Berbagai Kekurangan Tanaman Transgenik

Risiko Gangguan Kesehatan
Salah satu efek negatif yang paling ditakuti bersama dengan dibudidayakannya tanaman transgenik adalah mengakibatkan risiko problem kesehatan. Seperti yang telah dijelaskan di dalam beraneka riset, bahwa gen marker yang ada di dalam tanaman bisa ditransfer ke organisme yang lain, layaknya virus dan bakteri.

Musnahnya Tumbuhan Asli
Dengan makin lama berkembangnya budidaya tanaman transgenik, maka bisa mengancam populasi tumbuhan asli.
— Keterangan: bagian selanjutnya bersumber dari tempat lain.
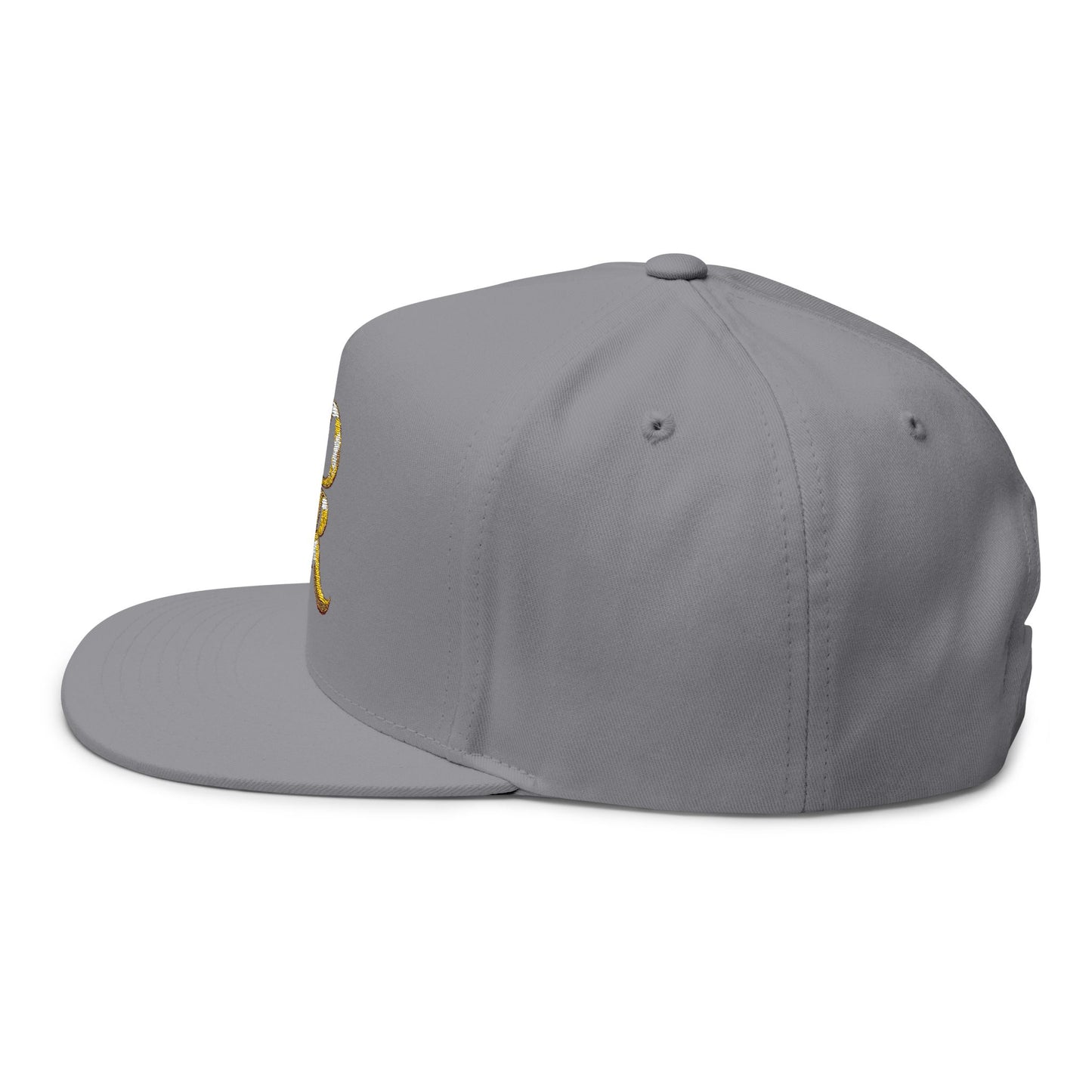 Gold Script 'PR' Embroidered Flat Bill Cap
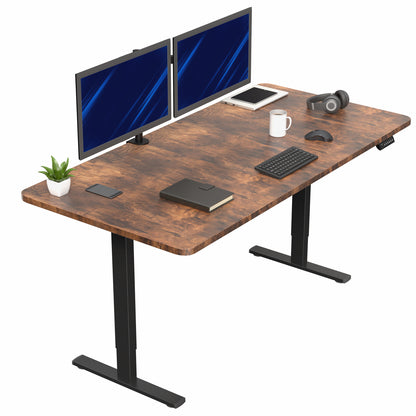 Large sturdy sit or stand modern desk with electric height adjustment options.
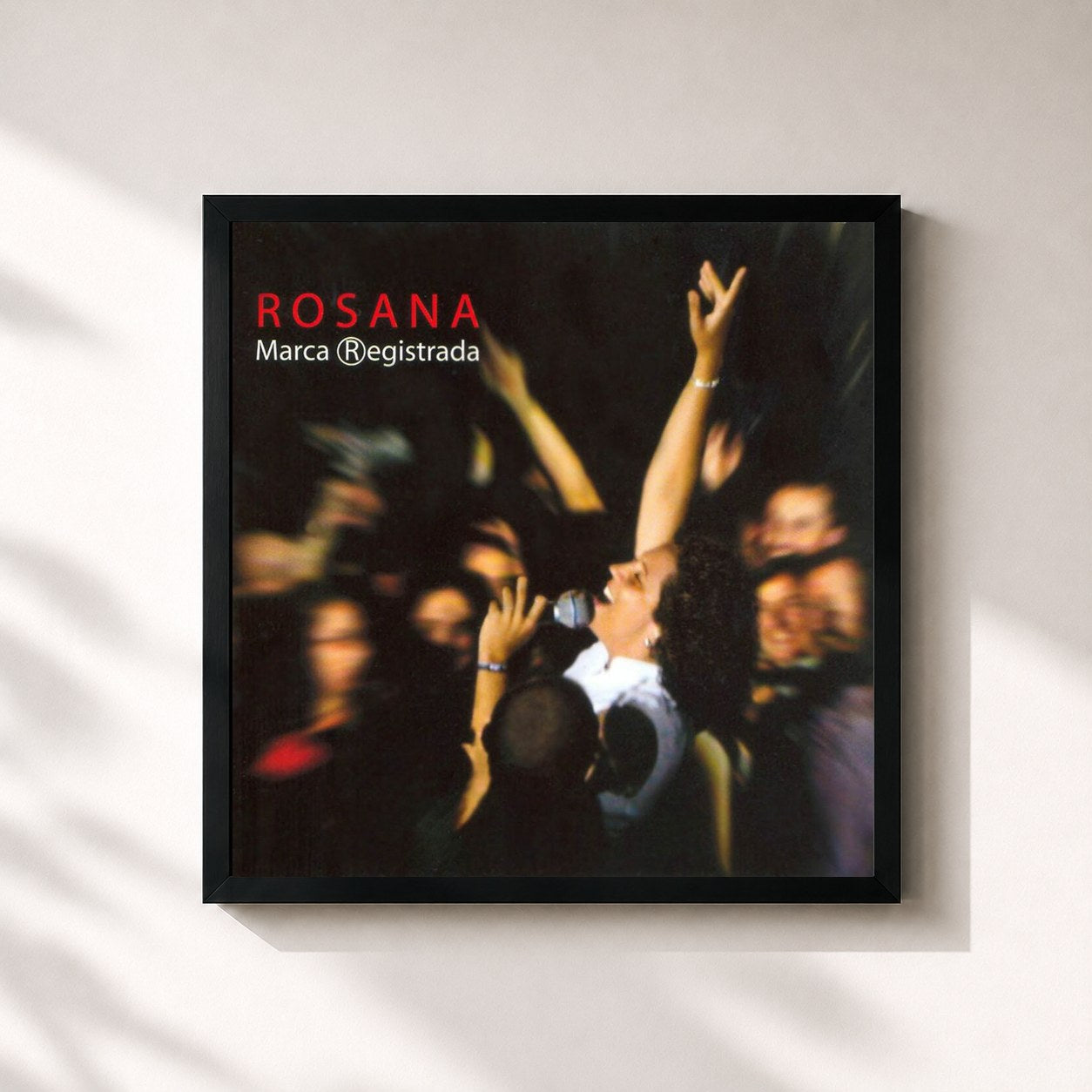 #noir Tableau carré de l'album Marca Registrada de Rosana, cadre noir 32x32 cm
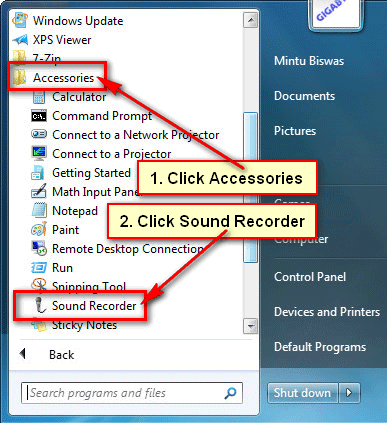 How to find voice recorder on Windows 7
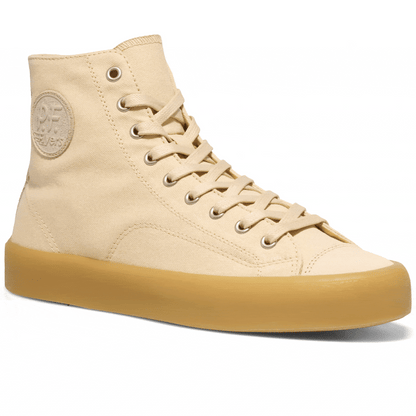 Beige high-top sneaker rotating gif showing different angles of the sneaker.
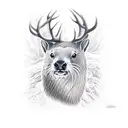 elk and river otter touch noses while elk drinks from river tattoo design idea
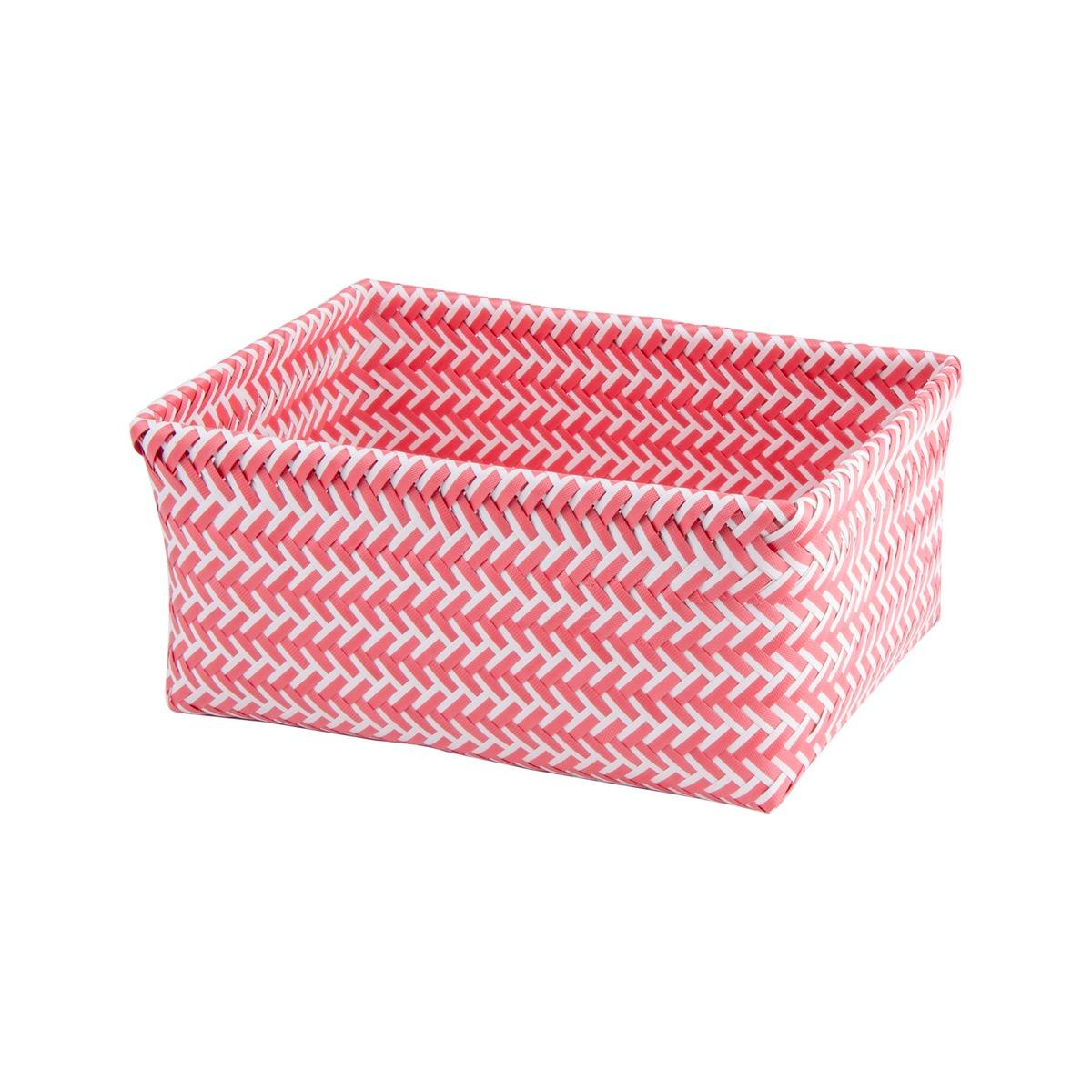 Panier de rangement tressé - 35 x 26 x 16 cm - Rouge, blanc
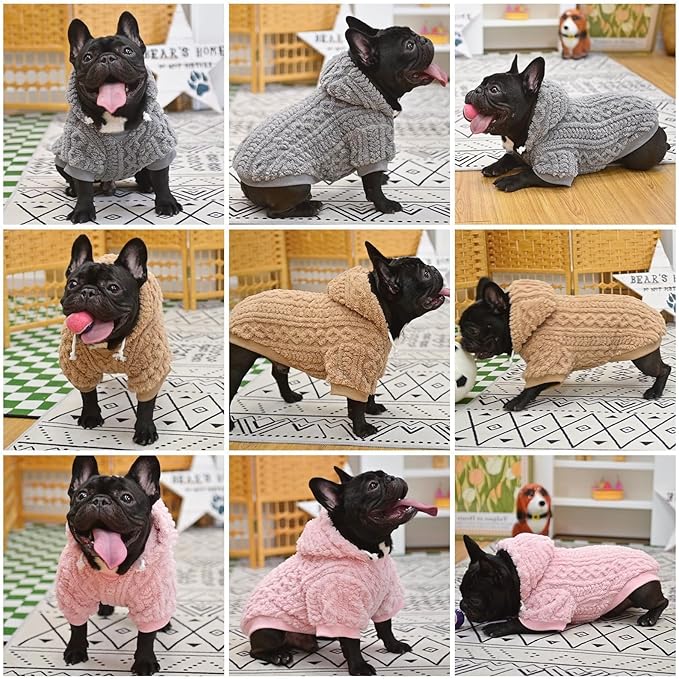 KOOLTAIL Fleece Dog Sweater Hoodie for Small Medium Large Dogs - Super Soft Fall Dog Clothes Knitted Sweatshirt with Leash Hole, Warm Winter Cold Weather Pet Coat for Puppy Cats Male/Female Grey M
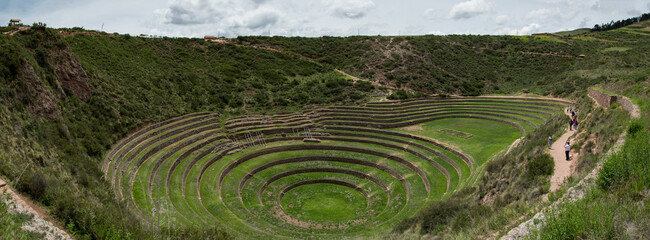 The Incan terraces at Moray Morai Inca Ruin (northwest of Cuzco), Peru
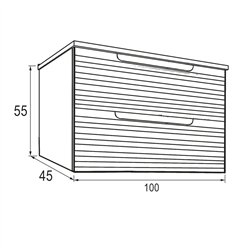 Conjunto de baño valnera 100x45 cm azul oceano mate 2 cajones suspendido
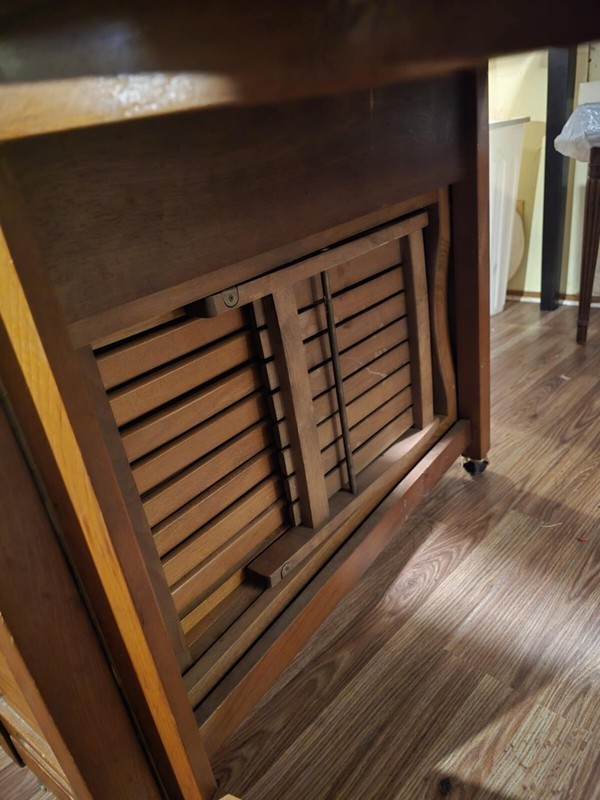 vintage romanian drop leaf table with folding chairs inside very rare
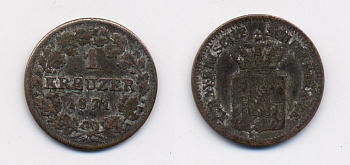 Бавария 1 крейцер 1871 Людвиг II (1864-1886) KM 487 серебро 71-1547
Alasannya simple saja, model transgenik ini miliki kualitas yang lebih unggul di dalam perihal kualitas dan hasil. Jika para petani telah beralih ke transgenik, maka otomatis tumbuhan asli bakal ditinggalkan secara perlahan. Padahal sejatinya, musnahnya satu spesies asli bisa mengganggu keseimbangan di dalam ekosistem.

Transfer Gen Horizontal
Dalam proses pembuatan tanaman transgenik, kebanyakan menggunakan selectable marker. Hal ini menyebabkan resiko pemindahan gen pada bakteri pada saluran pencernaan manusia maupun hewan yang memakan tanaman ini. Jika perihal ini terjadi, maka bisa mengimbuhkan efek tidak baik bagi kesehatan. Selain itu, bakteri yang terinfeksi di di dalam tubuh termasuk jadi kebal pada antibiotik agar penyakit sukar untuk disembuhkan.